Assim como os laticínios sentem falta de matéria-prima - no Brasil existem 150 deles, com capacidade para 10 mil litros diários -, a Cooperativa Sulriograndense de Bubalinocultores (Cooperbufalo), de Pelotas (RS), venderia o dobro da produção de mil toneladas de carne, por ano, se tivesse condições de atender à clientela. Segundo o presidente Julio Keltzer, os 50 cooperados garantem apenas o abastecimento do supermercado Záfari, tradicional no Sul do país e que tem avançado no Sudeste.

"O consumidor tem interesse pela carne, que é macia e tem menor teor de gordura do que a bovina", explica. Em São Paulo, a rede é atendida pelo Cowpig, frigorífico situado em Boituva (SP), que também abastece outros supermercados e butiques de carne na capital paulistana. Por semana, são necessárias 12 toneladas, que chegam ao consumidor pelo preço de R$ 25 a R$ 50 reais, por quilo. "Existe público para carnes nobres como esta, mas ele não está sendo atendido plenamente", avalia o diretor Ovídio Sebastiani. Os últimos dados do IBGE, de 1995/1996, registraram que a produção anual de carne atingiu 155 mil toneladas.

A existência de um mercado potencial que não é explorado como merece não surpreende Otávio Bernardes, que lida com búfalos desde a década de 1980. Foi quando seu pai, Wanderley Bernardes, tornou-se um dos pioneiros na criação do Vale do Ribeira - e, depois, no sudoeste paulista. "Os animais sempre estiveram em segundo plano.
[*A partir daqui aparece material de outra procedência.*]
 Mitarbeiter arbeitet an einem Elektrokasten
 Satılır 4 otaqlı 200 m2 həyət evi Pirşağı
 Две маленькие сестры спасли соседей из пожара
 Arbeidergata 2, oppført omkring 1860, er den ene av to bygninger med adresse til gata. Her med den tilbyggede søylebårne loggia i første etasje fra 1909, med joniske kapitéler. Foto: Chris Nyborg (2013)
Ocuparam espaços que não eram do agrado da pecuária e da agricultura".

O sítio de Otávio é próximo ao de Claudionor Serafim e, como o vizinho, produz 700 litros de leite diários. E o diretor da ABCB não perde o otimismo. Na sua própria região já são 350 produtores que lidam com a criação na esperança de que o mercado não hesite mais em atender consumidores dispostos a pagar pelo produto quando encontrado.